The disappointing reality of Napoli’s situation in their Champions League Group F is that, with two games to play, their prospects of qualification are hanging by the thinnest of threads. Having opened their campaign with a 2-1 away defeat by Ukraine side Shakhtar Donetsk, Napoli in the meantime have twice played well but still twice lost to Premiership leaders Man City. With just one win (against Feyenoord) in four games, Napoli are now third in the group on three points, nine behind City and six behind Shakhtar.
 
Put simply, even if Napoli win their remaining two games, at home to Shakhtar tomorrow night and away to Feyenoord on  December 6th, they risk elimination.

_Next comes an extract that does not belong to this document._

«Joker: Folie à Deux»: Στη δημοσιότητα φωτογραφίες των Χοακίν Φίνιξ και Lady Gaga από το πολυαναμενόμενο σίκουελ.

To secure an unlikely qualification, Napoli not only need to win both games (either by 1-0 or two clear goals against Shakhtar) but they must also then rely on Man City to defeat Shakhtar in Ukraine in what will almost certainly be a relatively meaningless final group game for the Premiership leaders.
 
Speaking on the eve of tonight’s game, Shakhtar’s Portuguese coach Paulo Fonseca was full of praise for the quality of Napoli’s football.   Speaking after he had beaten Napoli twice, Man  City manager Pep Guardiola had been full of similar praise. Complimentary remarks from Maurizio Sarri’s colleagues may be welcome but Napoli still risk being left with just that, i.e compliments and an elimination. Furthermore, with commanding central defender, Senegal’s Kalidou Koulibaly, ruled out of tomorrow night’s game, a home win against the useful Shakhtar cannot be taken for granted.
 
At a moment when Italian morale is understandably wobbly, the sight of the (currently) leading team in the country not making it through the Champions League group stage will be certain to rub salt in some very fresh wounds. That salt, too, was in evidence at the San Paolo last Saturday night as Napoli’s gifted  striker, Lorenzo Insigne, gave yet another demonstration of just why many consider him the hottest Italian striker in Italian football at the moment.   
 
Once more, the critics asked why, oh why, did coach Gian Piero Ventura use Insigne for only the last 15 minutes of Italy’s away tie against Sweden 10 days ago and not at all in the return leg of the play-off last Monday night at the San Siro. Not only did Insigne score a typical “peach” of a goal against Milan but he also hit the post, was involved in much of Napoli’s best football and was their best player on the night.
 
Sunday’s Gazzetta Dello Sport carried a provocative headline that read, “Insigne Mondiale”,  something of a play on words since “mondiale” means world class whilst the plural “mondiali” means the World Cup finals. Not just that but the headline asked: “Hey Ventura, Did You See That?”
 
If Napoli do go out of the Champions League, they will have only themselves to blame for their failure to grab an away point in their opening game against Shakhtar. However, it might be proof that, whatever else, Dame Fortune is not always on their side in the Champions. Remember, four seasons back, the Rafa Benitez coached Napoli went out at the Group stage on goal difference after they finished joint top of their Group with both Arsenal and Borussia Dortmund, all three on 12 points in a group in which Olympique Marseilles lost all six games.
 
In contrast, Napoli’s close home rivals, Old Lady Juventus and AS Roma, both are looking comfortable in their groups. Roma, fresh from an exciting 2-1 derby win on Saturday against Lazio, go into their away tie against Atletico Madrid on Wednesday top of their group, one point clear of Chelsea and five clear of Atletico. Clearly, they are looking good for the second round.
 
As should also be the Old Lady, even if she sits second, three points behind group leaders, Barcelona, but three clear of third placed Sporting Lisbon. However, Juventus rather dirtied her bib on Sunday, going down to only her second league defeat of the season when beaten 3-2 away to Sampdoria. What was worrying about that result is that, with 91 minutes played, the scoreline was 3-0. Two late Juventus goals restored a certain respectability to the scoreline but they cannot hide the fact that, for at least half an hour in the second half, the Old Lady went strangely missing.
 
Wednesday night’s home tie against old rivals Barcelona may not be exactly what the doctor ordered as a “buck-you-upper” back to top form but the Italian champions may  well be keen to avenge their 3-0 drubbing in the first leg, at the Camp Nou back in September. Currently third in Serie A, four points behind Napoli, Juventus have given the impression this autumn of being a side which is saving its best work for the springtime when the Champions League/Serie A contests become all-decisive.  
 
Perhaps the sight of Leo Messi and friends will persuade the Old Lady to put her best foot forward. Heaven knows, in the week that is in it, a convincing international performance by an Italian side is badly needed.